I got enough pieces done enough that I wanted to stick things more or less together. Here's the result:
The "full assembly" there isn't quite as close to complete as it looks. The gantry is held on by only a few screws, since they don't entirely line up. Not sure what's crooked, but something sure is. The sides are also only loosely held. The rails need a couple more holes tapped/screws put in. And so on.
Still, only some 4 pieces left to machine (well, 6 pieces, but 4 of them are half-done, so I'll call it 4). Plus fitting, of course, which probably means drilling out some holes to accommodate my crooked tapping, and hitting some crooked gantry supports with the belt sander.
The only really "new" thing to be seen (aside from things being assembled) is the channel cut on the table. That should allow the ballnut to move without grating on the bottom.
Or thereabouts. Seems a little unreasonable when put in those terms, but that also included machining edges, aligning everything (multiple times), and more. On the up side, the base is more or less done! Mostly what's left is to machine the channel in the middle so the ballnut has some clearance. That didn't get done today because the chunk of metal is warped, and I'd rather like that area to be planar with the rest of it. Anyway, the idea is that the linear rails and the supports on the bottom should hold it pretty flat.(Also pictured are the new ginormous linear rails. They could probably use a little grease, but otherwise seem fantastic)
There's a big step- the Z axis is fully(ish) assembled! At least all the hard parts (ie, the ballscrew is secured and going through the carriage). I made a small mistake, and need to drill a hole up top so I can tighten the coupling onto the leadscrew, but that's not terribly difficult nor requiring precision. There leadscrew also isn't quite centered in the axis, so I need to machine out the mounting holes for the stepper plate a bit so it can float into the right position. Again, no big deal.
Overall I'm happy. The plate to attach it to the X axis is "done"- all the holes are cut, the relevant surfaces machined flat, and the cutout for the leadscrew mounting block has been made. All that needs to be done on it is to cut it down to the right size- it currently has an extra ~inch on one side...
Anyway, things are still coming together- now I just need to tap a bunch of holes, and machine some giant plates for the main structure of the machine.
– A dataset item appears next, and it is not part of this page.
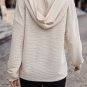 Apricot Solid Textured Drawstring Henley Hoodie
And then probably spend far too long re-aligning things to get them as close to square as possible.
Speaking of the ballnut... that had to be reversed on the ballscrew. Now, I know there are ball bearings in there, so I was being smart, and turned a piece that would fit on the end of the ballscrew to keep the balls inside while I twisted the nut off. That... didn't work. Somehow the balls got out of their tracks anyway. Fortunately they were covered in grease, and many tedious minutes later I had them stuck back in the right place
After screwing up a couple things, the Z axis is mostly done. I got the front milled flat to accept the new spindle adapter place, a hole bored through it for the leadscrew, and a cutout (plus mounting holes) for the ballnut. Oh, and a place for the bearing beneath it, of course. One little piece needs to be fabbed yet (a bearing clamp for the top side of the leadscrew), and some holes need to be tapped, but otherwise it's basically set.A couple things really went wrong when doing this work. First, the cutout for the ballnut was too big- I screwed up the gcode offsets. Anyway, that meant that the six mounting holes for the ballnut couldn't be drilled. So... with some help and the use of a press, a new chunk of metal was machined to size and pressed in the hole. Then I drilled the holes, and machined the ballnut cavity to the proper size. There shouldn't be a lot of force on those screws (the flange is at the bottom of the carriage), so I think it's all good.